Débuté lundi, l’examen en première lecture de la proposition de loi Gremillet (du nom du sénateur Les Républicains qui l’a déposée) s’est terminé jeudi soir dans la confusion la plus totale. Profitant de l’absentéisme des autres groupes, l’extrême droite et ses allié·es ont massivement remanié son contenu.

Concoctée par la droite sénatoriale en 2024, la proposition de loi initiale mettait déjà les bouchées doubles sur la relance du nucléaire. Mais après cette «semaine de surenchères», les député·es ont forcé le trait «jusqu’à l’absurde», résume l’expert en énergie Nicolas Goldberg, qui dénonce «un sabotage en règle» du texte. «C’était terrible. Un spectacle lamentable de la démocratie», estime de son côté le président du Syndicat des énergies renouvelables, Jules Nyssen, encore sonné par la séquence.
Le nucléaire en roue libre
En tout, quelque 75 amendements ont été adoptés, la plupart signés du Rassemblement national ou de ses allié·es. Parmi eux, figurent plusieurs décisions irréalistes telles que le «redémarrage» de la centrale de Fessenheim (Haut-Rhin), définitivement arrêtée en 2020. Ressusciter la doyenne des installations nucléaires est pourtant rigoureusement impossible, comme l’a rappelé l’Autorité de sûreté nucléaire et de radioprotection (ASNR) lors d’une conférence de presse jeudi.
D’une part, car le démantèlement des deux réacteurs est déjà entamé, de sorte que «plusieurs opérations irréversibles ont été réalisées, pour lesquelles il n’existe pas à ce jour de solution technique pour revenir en arrière». Ensuite, sur le plan réglementaire, «il n’existe pas de procédure pour remettre en service une installation définitivement arrêtée», ont expliqué les responsables de l’ASNR. Sans compter que les coûts pour relancer un tel projet seraient totalement disproportionnés. À ce stade, «il y a un problème de crédibilité de l’action politique», s’étonne Jules Nyssen.

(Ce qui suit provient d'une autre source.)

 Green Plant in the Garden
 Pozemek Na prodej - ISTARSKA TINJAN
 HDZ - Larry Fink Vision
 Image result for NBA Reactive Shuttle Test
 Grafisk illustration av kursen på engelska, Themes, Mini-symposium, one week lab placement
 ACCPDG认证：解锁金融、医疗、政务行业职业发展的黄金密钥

Les renouvelables enterrées
Alors que l’amendement sur le redémarrage de Fessenheim est simplement inopérant, d’autres s’avèrent autrement plus dangereux. Sur proposition de la droite, les député·es ont ainsi adopté un moratoire (un accord sur la suspension d’une activité) immédiat sur l’instruction, l’autorisation et la mise en service de tout nouveau projet éolien ou solaire. Un vote «particulièrement grave» et une mesure à l’effet «dévastateur», a déploré le ministre de l’énergie, Marc Ferracci. «Du négationnisme technologique», assène de son côté le Syndicat des énergies renouvelables, alors que solaire et éolien sont «les deux filières renouvelables qui se développent le plus rapidement dans le reste du monde».

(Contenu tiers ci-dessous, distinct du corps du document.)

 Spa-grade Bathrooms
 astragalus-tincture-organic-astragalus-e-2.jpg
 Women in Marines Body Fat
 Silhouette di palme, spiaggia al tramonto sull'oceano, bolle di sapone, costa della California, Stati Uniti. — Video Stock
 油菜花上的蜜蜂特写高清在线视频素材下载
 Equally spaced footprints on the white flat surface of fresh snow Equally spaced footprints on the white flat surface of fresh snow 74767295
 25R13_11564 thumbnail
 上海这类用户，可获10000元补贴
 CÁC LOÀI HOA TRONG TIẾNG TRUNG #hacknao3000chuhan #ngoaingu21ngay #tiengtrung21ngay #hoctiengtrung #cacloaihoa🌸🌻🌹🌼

«Un moratoire sur les énergies renouvelables… Mais avec quoi comptent-ils produire l’électricité supplémentaire des 20 prochaines années ? Du gaz ? Du charbon ? De la magie ?!», a interrogé sur LinkedIn la députée écologiste Julie Laernoes. La réponse figure dans un autre amendement du Rassemblement national, pour qui toute sortie des énergies fossiles est «conditionnée au déploiement effectif de capacités pilotables bas carbone». En clair, le parti assume de continuer à compter sur le gaz, le charbon et le pétrole tant que de nouvelles centrales nucléaires n’auront pas pris le relai, soit au plus tôt en 2038.
Et après ?
Le texte sera soumis au vote solennel mardi 24 juin, où il pourrait finalement être rejeté par l’ensemble des député·es. Dans tous les cas, une deuxième lecture doit avoir lieu au Sénat (à partir du 8 juillet), puis à l’Assemblée nationale, avant une tentative de conciliation entre les deux chambres en commission mixte paritaire (sept député·es et sept sénateur·ices chargé·es de trouver un compromis entre les versions votées par l’Assemblée nationale et le Sénat). Alors que les chances sont grandes de voir le texte s’enliser dans cette navette parlementaire, le gouvernement pourrait décider de légiférer par décret. Mais le Rassemblement national a promis de le censurer si tel était le cas.